Re: Mark messages in mailbox as read without massive performance hit?!



On Thu, Dec 29, 2005 at 12:40:54AM -0500 I heard the voice of
Derek Martin, and lo! it spake thus:
> 
> Generally, each rename operation will result in the kernel doing
> this separately.

Oh, it doesn't have to.  The kernel could leave the directory open for
a few seconds internally to save on re-opening in cases where a lot of
renames are happening.  I don't know if any extant systems do that, of
course, but it's not a hopeless case.

There are a few things to bear in mind here, though.

- The overhead in rename() isn't near comparable to the difference
  between read()'ing a mbox and open()/read()/close()'ing in a
  maildir, even if only because you're crossing the userland<->kernel
  boundary only once and not having to serialize the steps across
  multiple boundary crossings.

- mutt write()'s out messages one at a time as far as I can tell, and
  from the behavior when I tag a bunch of messages and copy them into
  a mbox, it almost looks like it fsync()'s after each message (I've
  not verified this in the code).  With behavior like that, mbox will
  NEVER cross over to faster than maildir; it's too much serialization
  and waiting.


Now, I don't dispute that theoretically there's a point where the
lines cross and mbox wins.  But I think that point is a lot farther
out than you're suggesting it is, and that some of the realities of
how mutt does things push it even farther.  And empirically, I've
always found mbox to be orders of magnitude slower on status changes
(particularly in the degenerate case where you're changing one or a
few messages in the middle of the mailbox), on any size active mailbox
I ever use (up to maybe 10 thousand messages, though usually below 5).

Having written mbox parsing code, I deeply hate the [blend of totally
different] format[s], but it has a lot of advantages in compactness
etc.  I never let it near an active mailbox, but I use it for archives
all the time, because it's more compact, leaves my preciouss inodes
alone, and is much, MUCH faster to read.  But they fall over pretty
hard in most use-cases that aren't read-almost-entirely, IME, both in
performance, and in making me sweat about the myriad ways it can
corrupt my data and lose the history of all my favorite flamewars.

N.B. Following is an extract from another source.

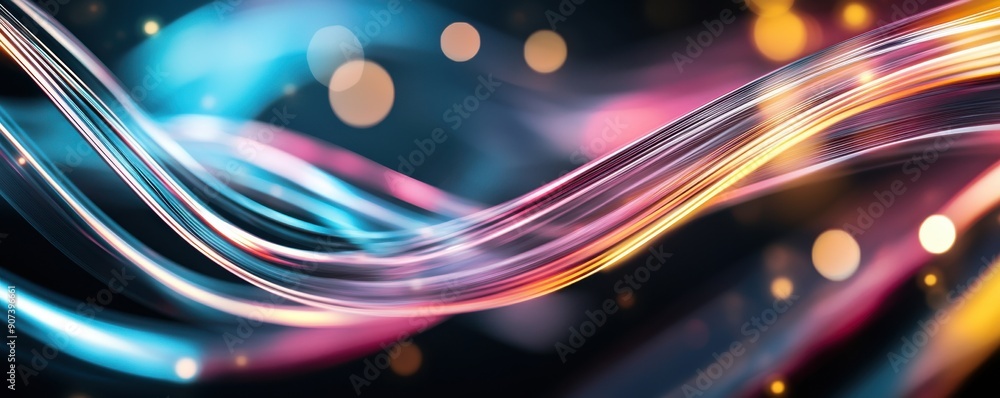 Poster close-up of neon light reflections creating abstract shapes, set against a minimalistic black backgr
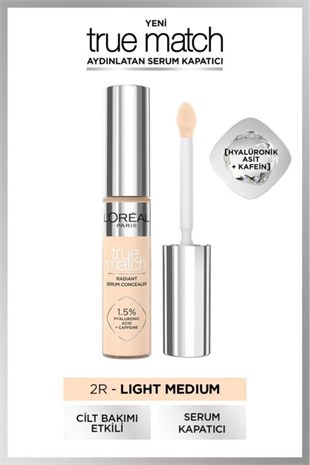 LOreal Paris True Match Aydınlatan Serum Kapatıcı 2R Light Medium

> Obviously, the user who posted this message is running into this
> problem, or else we would not be having this discussion...

Now, in THIS case, I certainly don't buy it.  The OP is suggesting
he's seeing problems on mailboxes on the order of *50* messages.  That
shouldn't break down on FAT12, much less any filesystem on a *nix
system installed in the last 15 years.  I doubt I could measure by
hand the time 50 rename()'s take on a 386SX.  Something else is
tripping him up.


-- 
Matthew Fuller     (MF4839)   |  fullermd@xxxxxxxxxxxxxxx
Systems/Network Administrator |  http://www.over-yonder.net/~fullermd/
           On the Internet, nobody can hear you scream.